この注目以降、各地の災害現場でボランティア向けに用意された援助を一切断りながら精力的な活動を長年続けるスーパーボランティアとして知られる人物であることが判明すると、尾畠さんから発せられる言葉にも人々の関心は高まることに。
こうなると黙っていられないのは出版業界だ。尾畠さんの活動や言葉をまとめた書籍を我先に出版しようとするがために、トラブルが発生してしまった。
今月12日、尾畠さん初の著書となる予定だった書籍の出版が、突然「12日の発売日は延期します」として発売が延期される騒動に。
出版社側からは「尾畠さんからは『出版を希望する各社が足並みを揃えた形なら、契約する』と言われたので、尾畠さんの望まれる形にしたい」との理由が語られたが、当の尾畠さん本人からはどうも食い違う内容のコメントが聞こえてくる。
「ノンストップ!」(フジテレビ)の電話インタビューに応じた際には尾畠さんより以下のような言葉があった(要旨)。
「書籍にして知ってほしいということはない」
「黒子に徹するのが好きなので、公に出るのは好きではない」
「(出版に関し)確認の必要はないと言ったことはない」
「どこの本屋さん、出版屋さんともお約束はしていませんし、どこにも『いいですよ』ってサインも印鑑も押してません」
「どこにも出版の許可を出した覚えはない」
一方、出版社側は「数回お会いし出版の承諾を口頭で得た」「印税や契約書も不要と聞いている」「確認も不要とのことだった」「印税は寄付させて頂きたいとの話だった」としているが、やはり正式な手順を踏んでいない可能性が高いと見られており、様々な声が寄せられている。
「この人、こんなことしたくてボランティアやってるわけじゃない。
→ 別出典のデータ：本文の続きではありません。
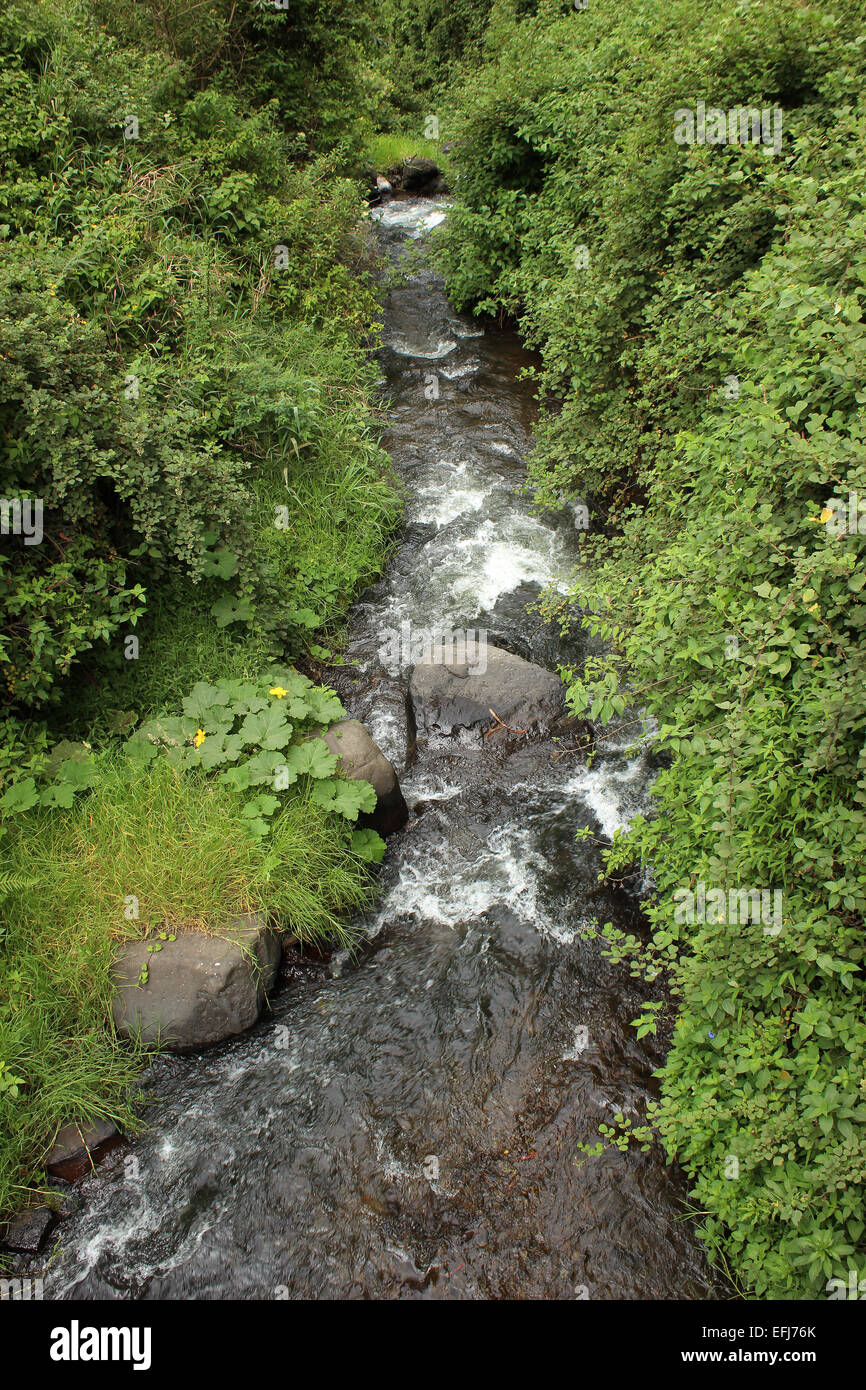 Whitewater rapids on a small river near the Peguche Falls near Otavalo, Ecuador Stock Photo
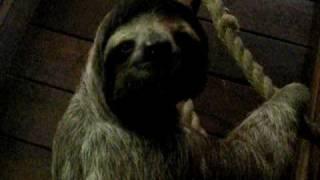 Our housemate, Lenny, the sloth II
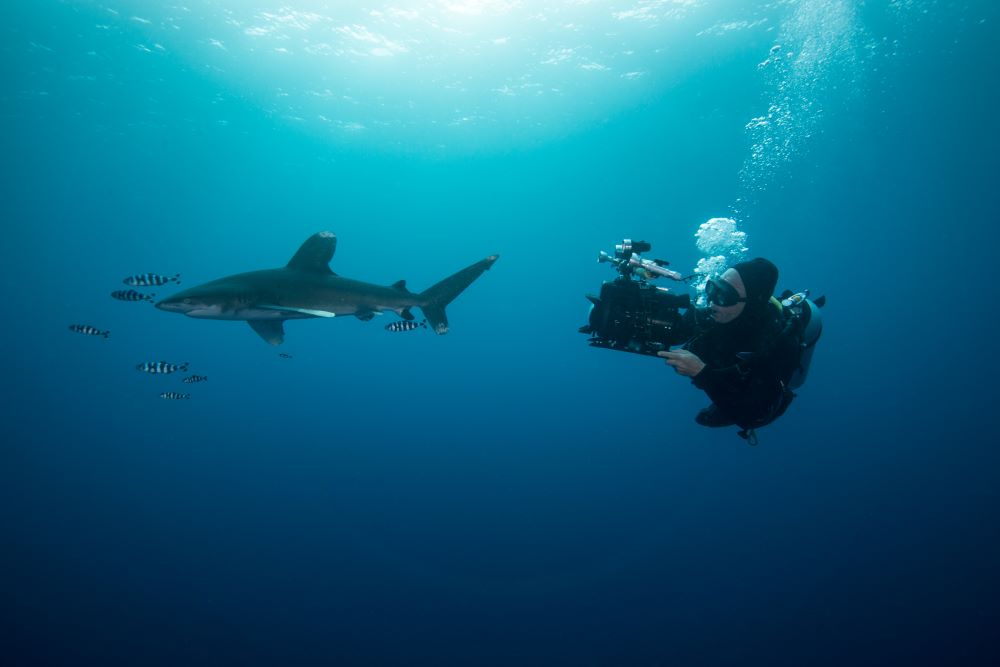 scuba diver is filming fishes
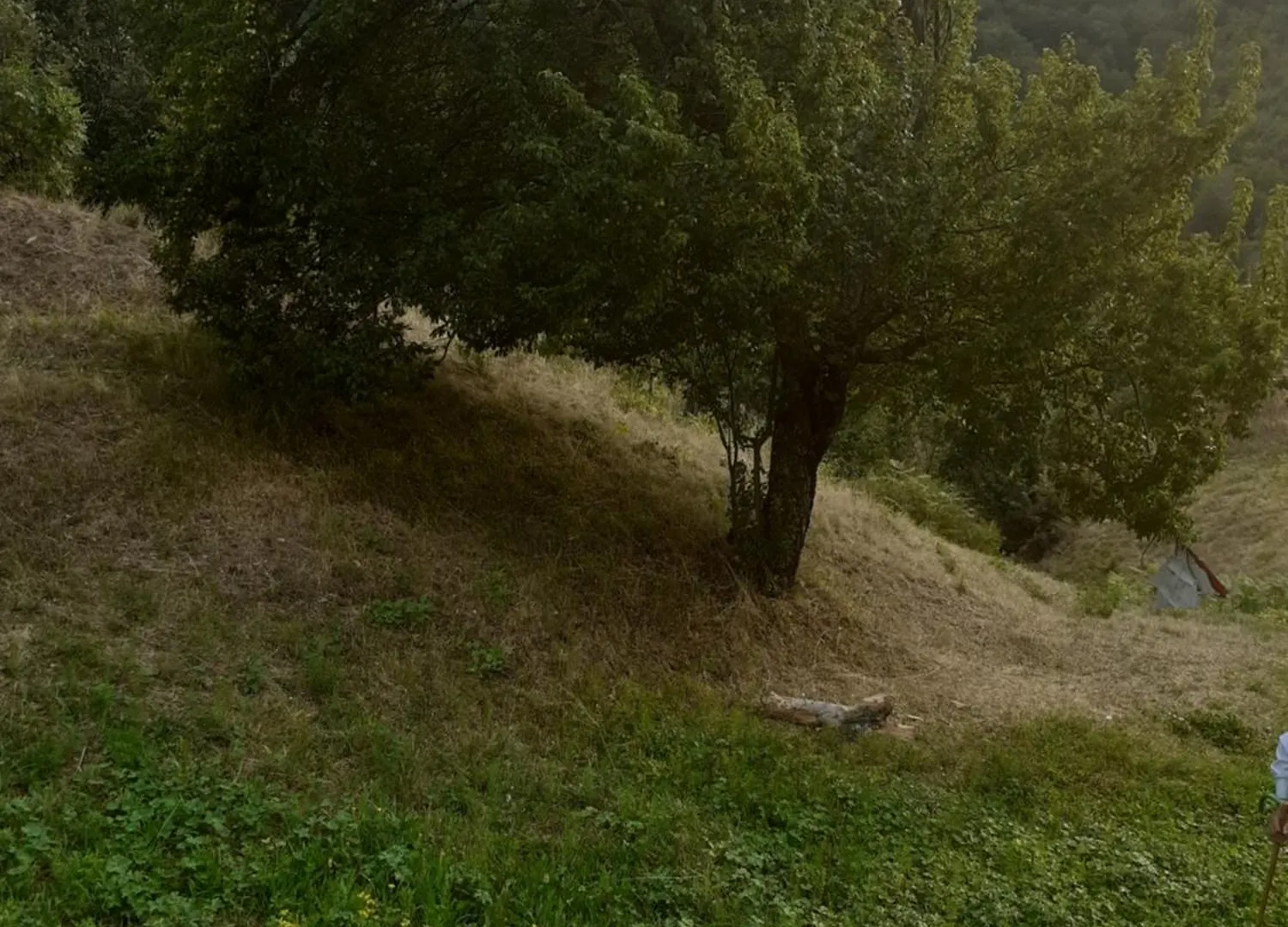 Rrajc Skenderbe Konuk evi Librazhet Kır Evi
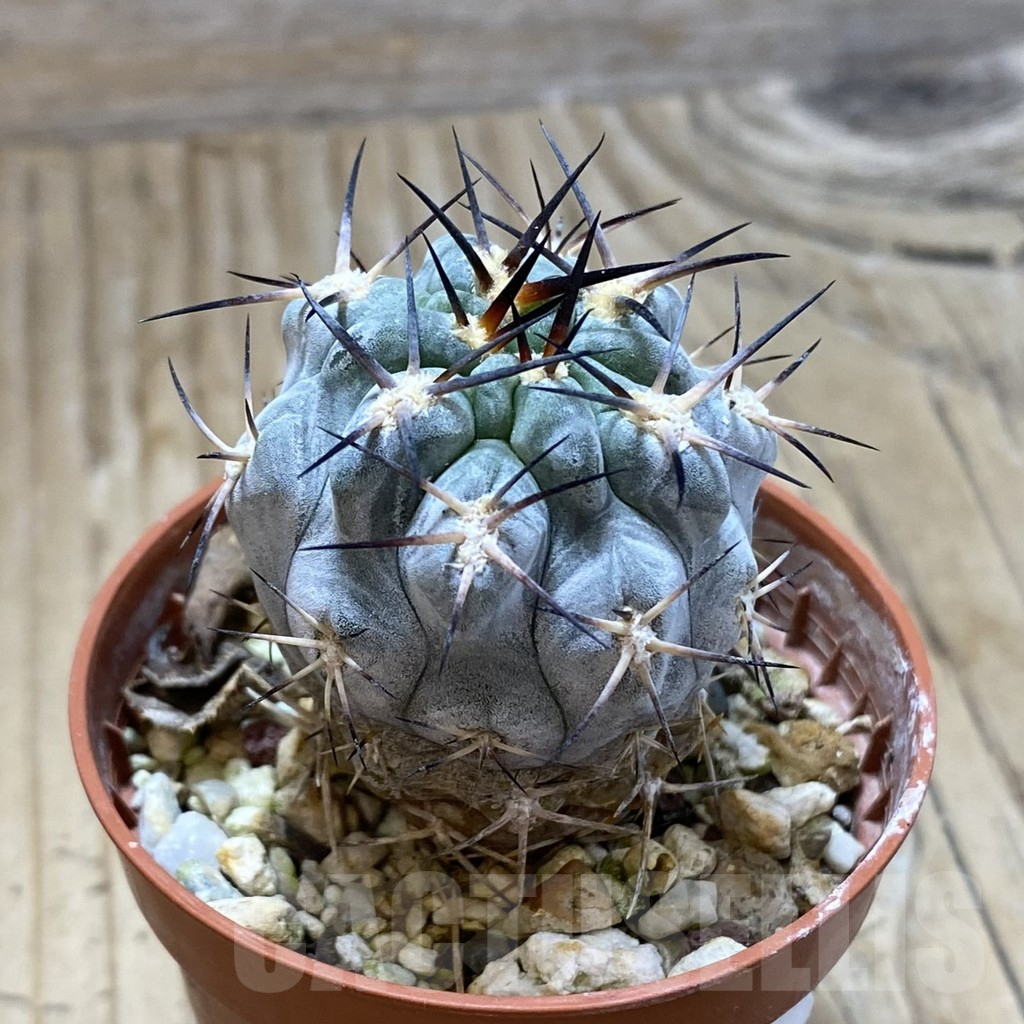 SH16183 Acanthocalycium glaucum - Image 2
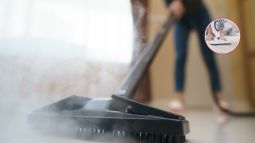 mopa-de-vapor-lidl-economica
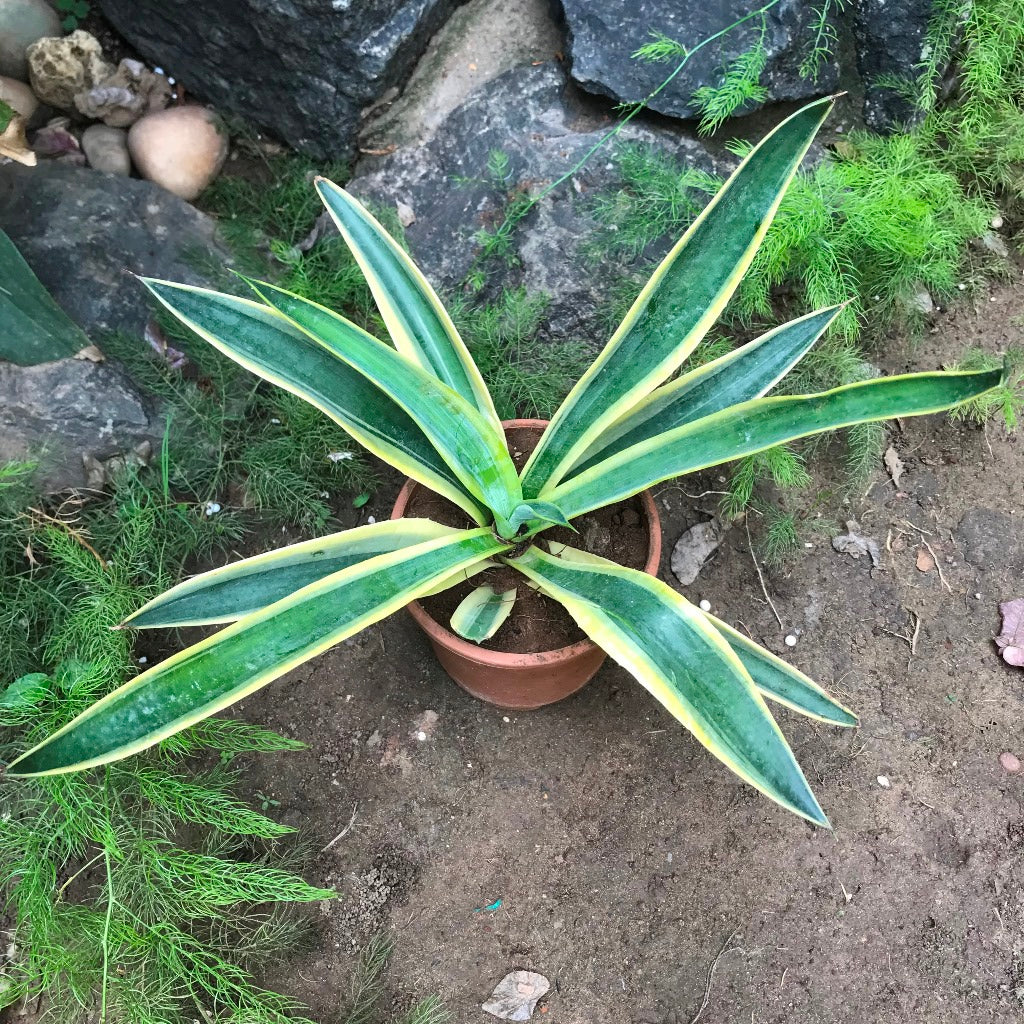 Agave Desmettiana El Miradors Gold Cactus Plant - myBageecha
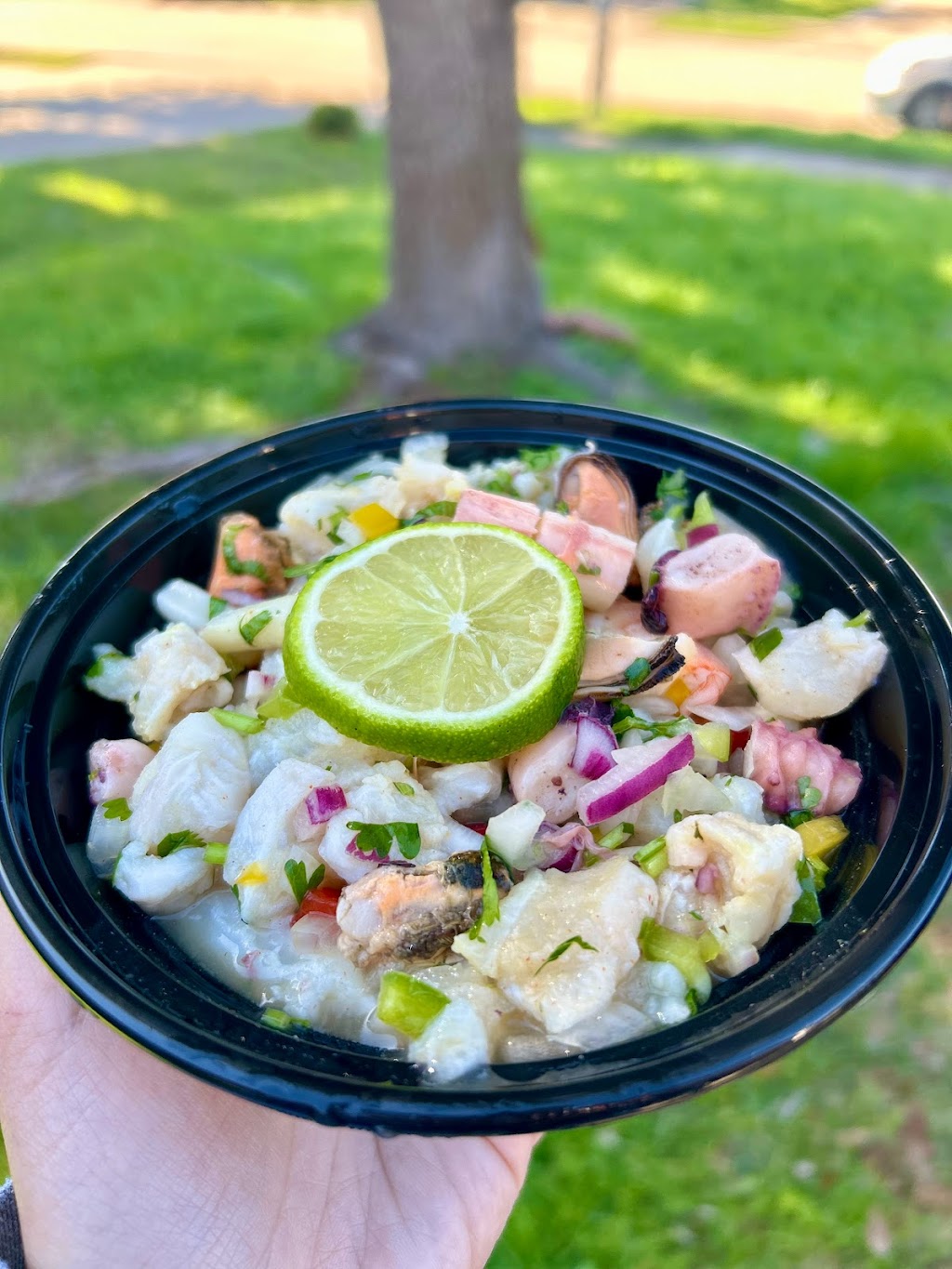 Mr. Fish Cevicheria | restaurant | 1431 S Mason Rd, Katy, TX 77450, USA | 9794657748 OR +1 979-465-7748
ほっといてあげてほしい」
「有名になった人が居ると、すぐに金儲けに担ぎ出そうとする出版社」
「尾畠さんが嘘を言ってる? 勘違いしてる? そうとは思えない」
「気の毒意外の、なにものでもないですね。心から人助けをしているだけなのに...」
「尾畠さんの生き様は知りたい」
「趣味は? って聞かれて女好きですって答えててワロタ」
「講演依頼もボランティアに行く時間が無くなると、断る人間なのだから、本人が書く時間あるとは思えない」
勘違いや行き違いなのではとする声もあるが、やはり尾畠さんの言葉に人々は真実を見出している様子。